> What this task involves:
Within the records that follow, restate exactly the lines from the line with "Hacha Vikinga Hecha" down to the line with "UNIQLO x Kaws", including both. Omit the pictures.

Data listing Block Start

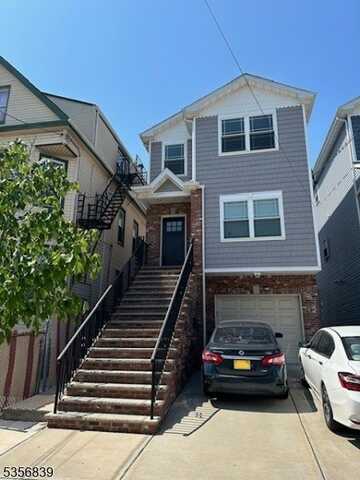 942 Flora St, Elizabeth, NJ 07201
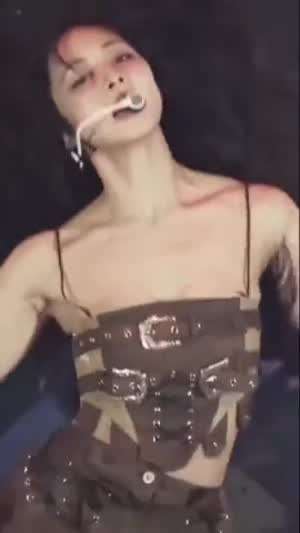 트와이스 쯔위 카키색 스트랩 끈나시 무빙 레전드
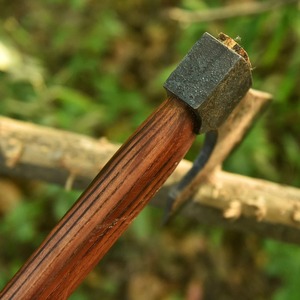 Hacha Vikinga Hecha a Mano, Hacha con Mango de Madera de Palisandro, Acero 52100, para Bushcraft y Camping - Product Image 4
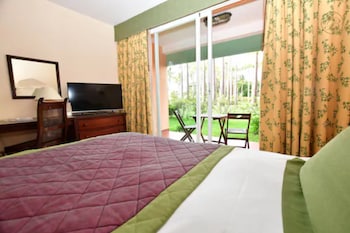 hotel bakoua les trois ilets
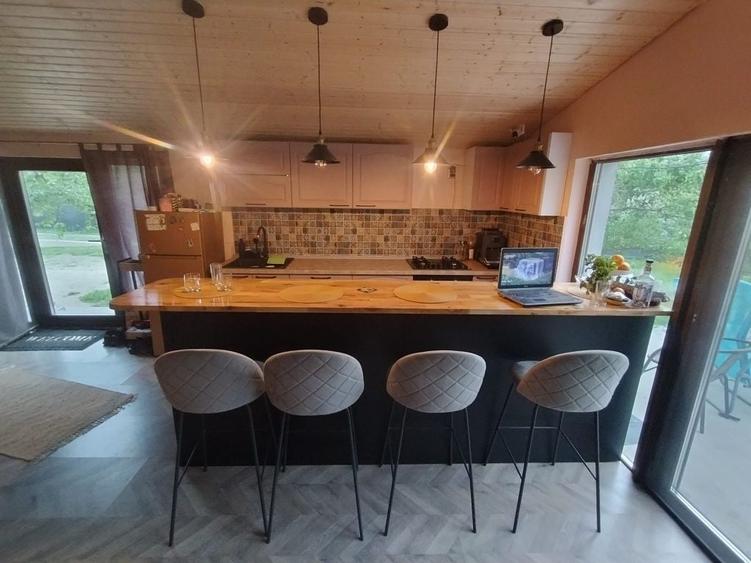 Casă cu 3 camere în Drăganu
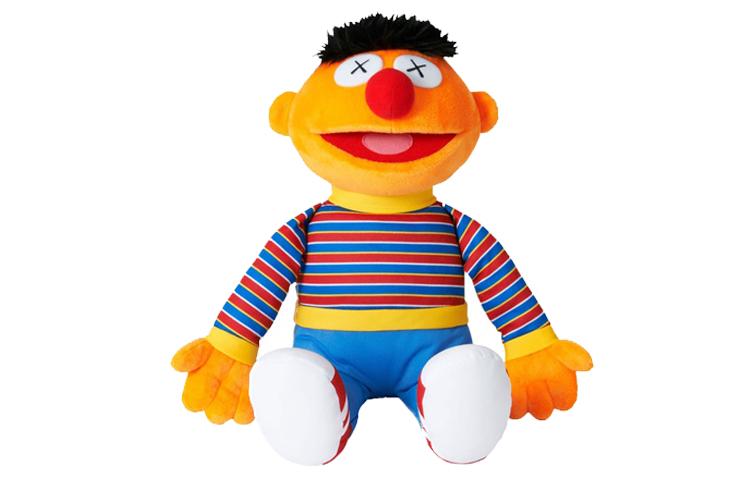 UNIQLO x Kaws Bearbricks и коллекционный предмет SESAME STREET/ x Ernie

Data listing Block End
Data listing Block Start

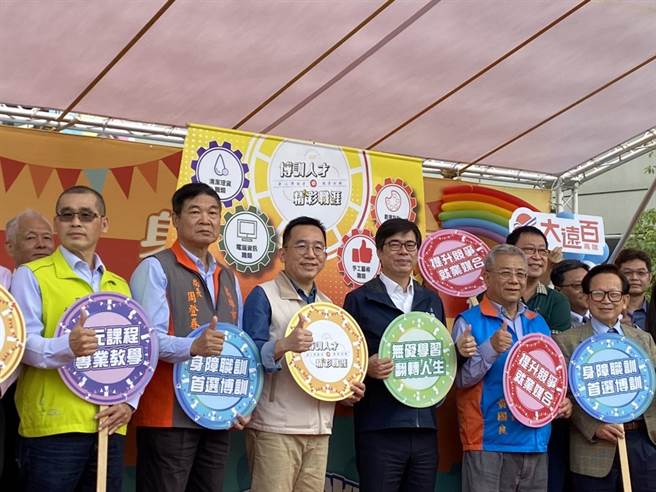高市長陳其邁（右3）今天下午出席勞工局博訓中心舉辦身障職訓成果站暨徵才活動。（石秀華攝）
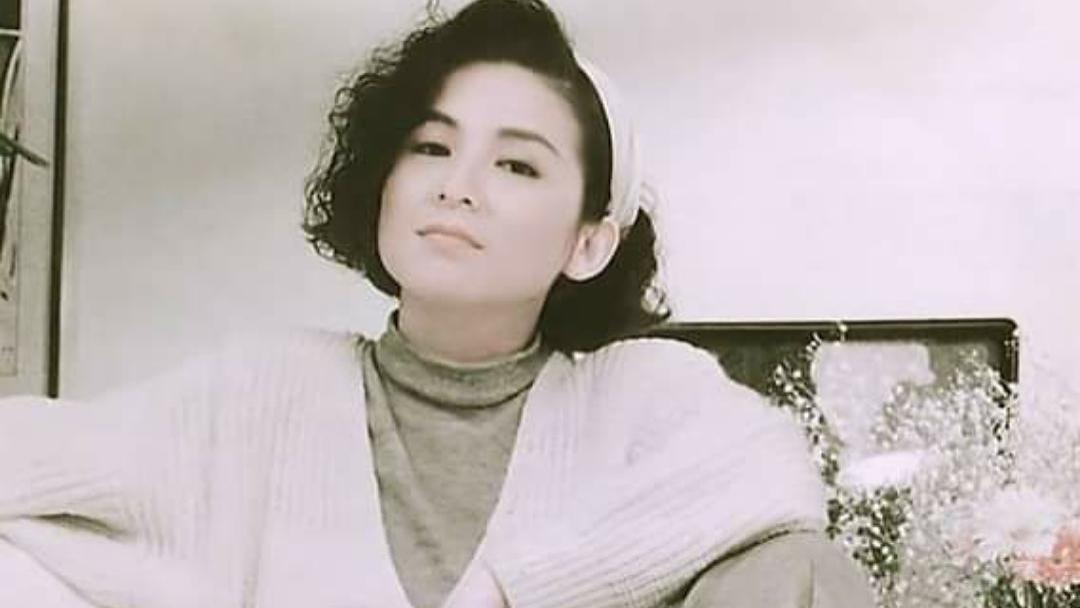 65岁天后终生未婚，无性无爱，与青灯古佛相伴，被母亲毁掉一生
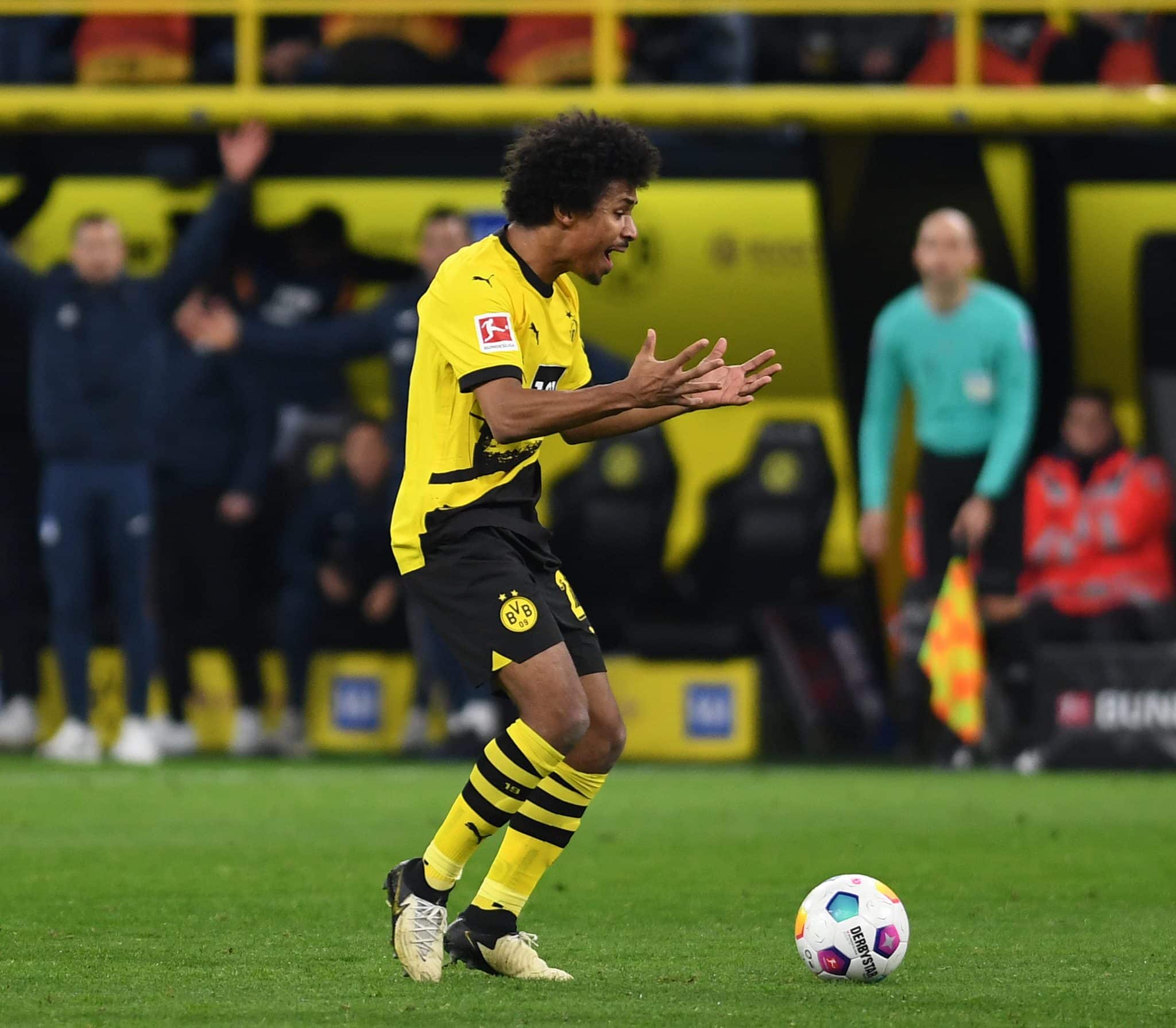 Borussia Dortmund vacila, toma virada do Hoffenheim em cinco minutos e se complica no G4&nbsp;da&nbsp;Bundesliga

Data listing Block End
Data listing Block Start

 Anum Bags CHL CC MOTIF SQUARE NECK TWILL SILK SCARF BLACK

Data listing Block End

> Exercise answer:
 Hacha Vikinga Hecha a Mano, Hacha con Mango de Madera de Palisandro, Acero 52100, para Bushcraft y Camping - Product Image 4
 hotel bakoua les trois ilets
 Casă cu 3 camere în Drăganu
 UNIQLO x Kaws Bearbricks и коллекционный предмет SESAME STREET/ x Ernie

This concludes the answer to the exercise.